The accused appealed to the Ontario Court of Justice. The court agreed with the accused’s argument that an essential element of section 78.1(1) is showing that the cell phone is capable of receiving or transmitting telephone communications, electronic data, mail or text messages. Since the prosecutor did not discharge his burden of proving the essential elements of the offence, the judge acquitted the accused.
The court begins its analysis by noting that section 78.1(1) applies to two kinds of devices: cell phones and other devices prescribed by regulation. The capability requirement is grammatically attached to the “other devices” component of section 78.1(1): “hand-held wireless communication device or other prescribed device that is capable.” [Emphasis added] The court reads this as an indication that the “capability” requirement applies to prescribed devices but not to cell phones:
This constitutes the legislature’s direction to the Minister to ensure that, in future, the devices prescribed by regulation be of a kind that have this capability. On the other hand, cell phones are well known as a kind of device that are capable of receiving or transmitting. No similar requirement is needed for them. (Pizzurro at para 9.)

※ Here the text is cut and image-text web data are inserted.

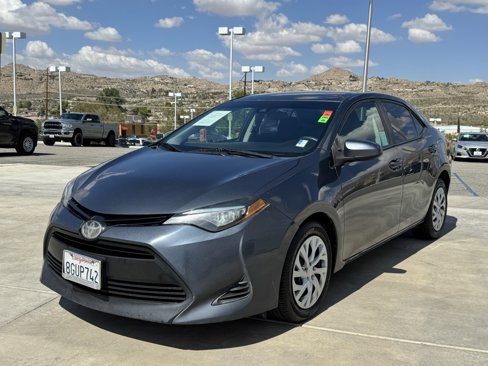 Used 2019 Toyota Corolla LE image 3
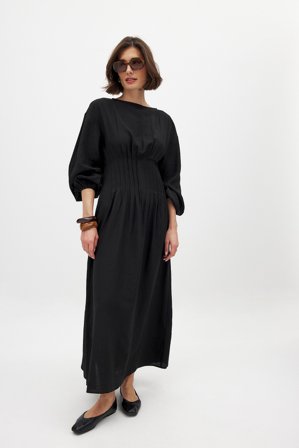 NA-KD - Plissert midikjole med lange ermer - Høstkjoler - Svart - EU 40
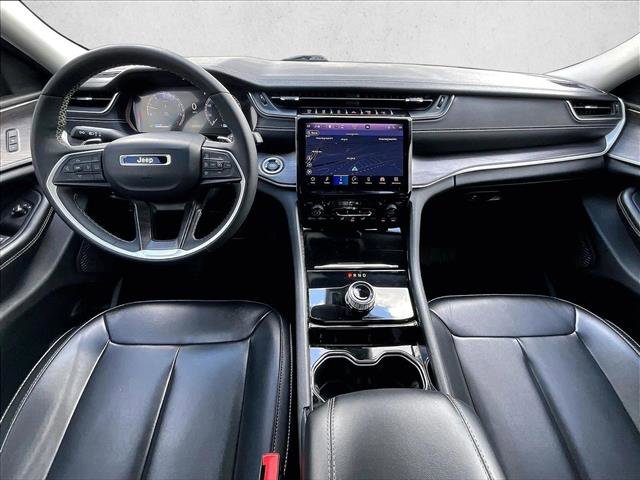 Used 2023 Jeep Grand Cherokee L Limited RWD image 16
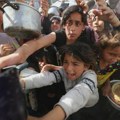Izraelske snage ubijaju Palestince koji čekaju humanitarnu pomoć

The court justifies this conclusion by arguing that imposing a “capability” requirement as an essential element of section 78.1(1) would create a “significant challenge for law enforcement.” (Ibid at para 11.) The police would have to find ways to immediately acquire and test the cell phone, for example. Having rejected the accused’s argument that demonstrating capability is essential to the offence, the court restored the conviction.
Look, But Don’t Touch
The court’s holdings in these cases are very clear, delivered as they are in two short, punchy decisions: No holding of any kind, and no capability required. However, it will be interesting to see whether challenges arise to the “using” requirement of section 78.1(1).

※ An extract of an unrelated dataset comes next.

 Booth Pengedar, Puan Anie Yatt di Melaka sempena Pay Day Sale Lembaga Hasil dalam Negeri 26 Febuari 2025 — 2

The court has made it clear that you cannot hold a cellphone in your hand, but many touchscreen phones require only nimble swipes to use if they are mounted in a holder. Spotting this would be a significant enforcement challenge for police because it would be difficult to distinguish between someone using their phone and the radio, for example.
The evidentiary hurdles would also be a heavy lift for prosecutors, as they would have to show that they were in fact using the phone specifically. It would appear, then, that even after these decisions, the law still allows for much cell phone use in cars if it is confined to simply looking at your screen.